Dariusz Hoffmann (/pl/) is a Polish educator and entertainer, publishing popular science educational videos on his YouTube channel, titled SciFun. Created in 2011, it is one of the most popular Polish-language science channels on the platform, with videos dedicated to among others, scientific facts and trivia, experiments, and analysis and debunking of pseudoscientific content. In January 2026, it had 1.24 million subscribers. Together with his brother, Marek Hoffmann, he also hosts YouTube channel Tube Raiders, where they publish travel and urban exploration vlogs, which in January 2026, had 345,000 subscribers.

== Biography ==
Dariusz Hoffmann was born and grew up in Poznań, Poland. He has a degree in the information technology.
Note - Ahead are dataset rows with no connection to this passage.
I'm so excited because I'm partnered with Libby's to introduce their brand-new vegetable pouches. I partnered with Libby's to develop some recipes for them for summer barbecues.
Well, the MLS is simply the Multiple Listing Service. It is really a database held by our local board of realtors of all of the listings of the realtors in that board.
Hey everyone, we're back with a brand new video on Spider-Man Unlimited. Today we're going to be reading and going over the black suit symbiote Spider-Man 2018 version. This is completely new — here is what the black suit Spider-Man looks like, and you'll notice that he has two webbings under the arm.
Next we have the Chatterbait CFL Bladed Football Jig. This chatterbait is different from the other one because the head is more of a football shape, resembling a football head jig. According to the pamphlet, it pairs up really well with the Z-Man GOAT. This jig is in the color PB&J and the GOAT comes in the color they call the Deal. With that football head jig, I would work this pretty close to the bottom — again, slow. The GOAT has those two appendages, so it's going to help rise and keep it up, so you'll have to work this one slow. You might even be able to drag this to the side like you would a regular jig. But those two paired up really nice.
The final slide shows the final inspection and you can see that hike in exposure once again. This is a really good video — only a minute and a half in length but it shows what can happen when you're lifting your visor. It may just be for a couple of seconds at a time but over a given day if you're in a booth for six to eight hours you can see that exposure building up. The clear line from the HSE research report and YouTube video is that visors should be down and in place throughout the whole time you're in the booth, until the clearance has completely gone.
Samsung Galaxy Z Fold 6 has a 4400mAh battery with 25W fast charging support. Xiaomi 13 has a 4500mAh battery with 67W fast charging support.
He created a Polish-language popular science channel SciFun on YouTube in 2011. He began publishing videos on it in early 2012, after the success of his popular science blog, titled Nietuzinkowy Blog Naukowy (lit. 'Unconventional Science Blog'). In his videos, he talks about scientific facts and trivia, conducts experiments, and analyses and debunks pseudoscientific content. He also created miniseries such as videos dedicated to debunking modern flat Earth beliefs, and a documentary series dedicated to the Titan submersible, and its implosion in 2023, during an expedition to view the wreck of the Titanic. SciFun is one of the most popular Polish-language popular science channels on YouTube, having over 1.24 million subscribers and over 249 million views on its videos, as of January 2026.

In 2017, Hoffmann was invited to the European Astronaut Centre in Cologne, Germany, a branch of the European Space Agency. Together with five other internet influencers from European countries, he underwent training, culminating in a parabolic flight in a reduced-gravity aircraft. The event was organized as part of the Andromeda Initiative, in cooperation between the European Space Agency and Electronic Arts, to promote the release of action role-playing video game Mass Effect: Andromeda.
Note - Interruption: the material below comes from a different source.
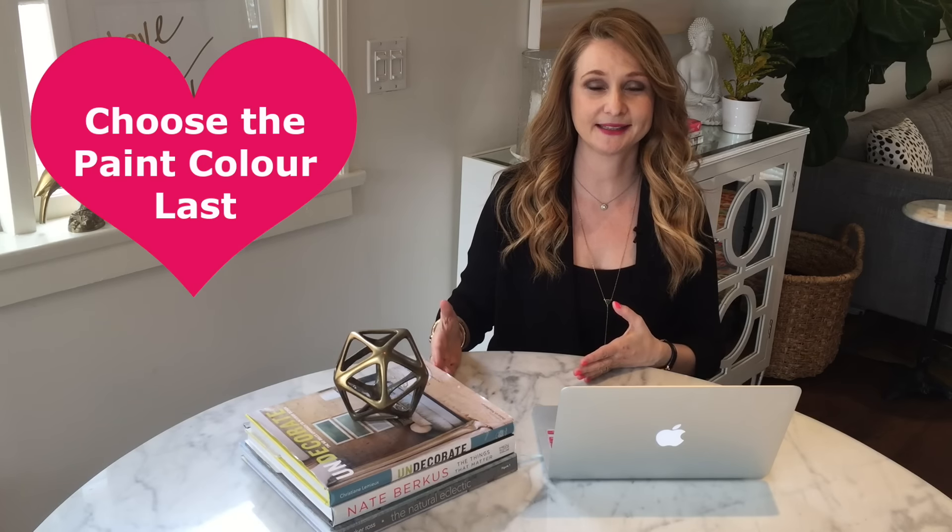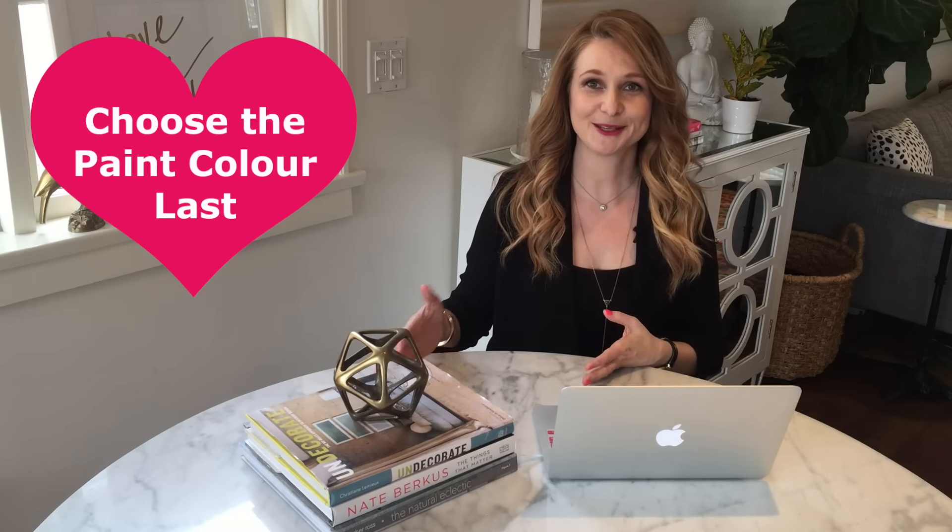Tip number two when choosing a paint color: if you are decorating or redecorating a room, choose the paint color last. This goes against what everyone thinks. People buy a home or want to redo their home and they want to paint first, which I understand — it feels fresh and exciting. But then you end up choosing higher-priced items like your couches, bed, or rug around the paint color. A designer tip is to get the design project done first, then choose a paint color that works with the things you love.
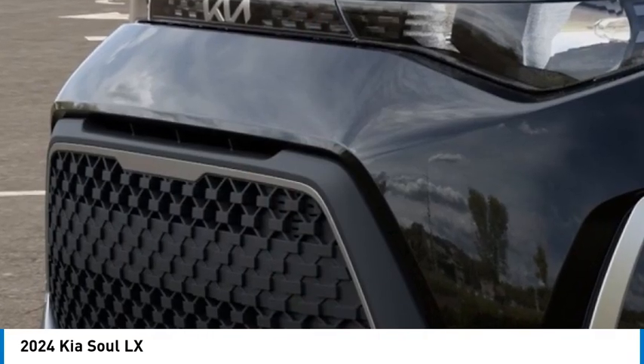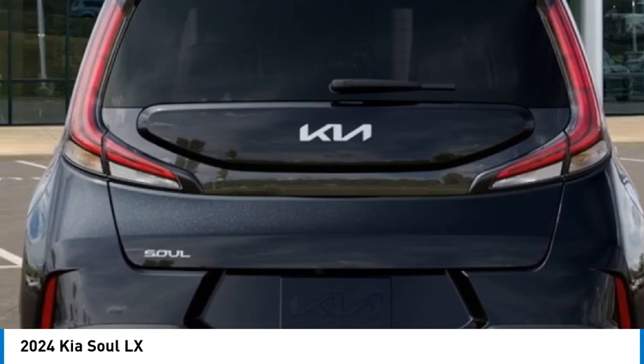A vehicle like this doesn't come along every day. Come in and get it before someone else does.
His older brother, Marek Hoffman, is also a youtuber, operating the channel AdBuster, where he posts videos about brand management, product reviews, and vlogs. In January 2026, it had around 1.3 million subscribers, and over 265 million views. In 2013, they created together a YouTube channel titled Tube Raiders, where they publish travel and urban exploration vlogs. In January 2026, it had around 345,000 subscribers, and over 21 million views. In 2016, Dariusz Hoffman was nominated in two categories for the Grand Video Award, in popular science for the SciFun video Liczba galaktyk w ziarnku piasku (lit. 'The Number of Galaxies in a Grain of Sand'), and in hobby, for the Tube Raiders video Umocnienia helskie (lit. 'Hel Fortifications').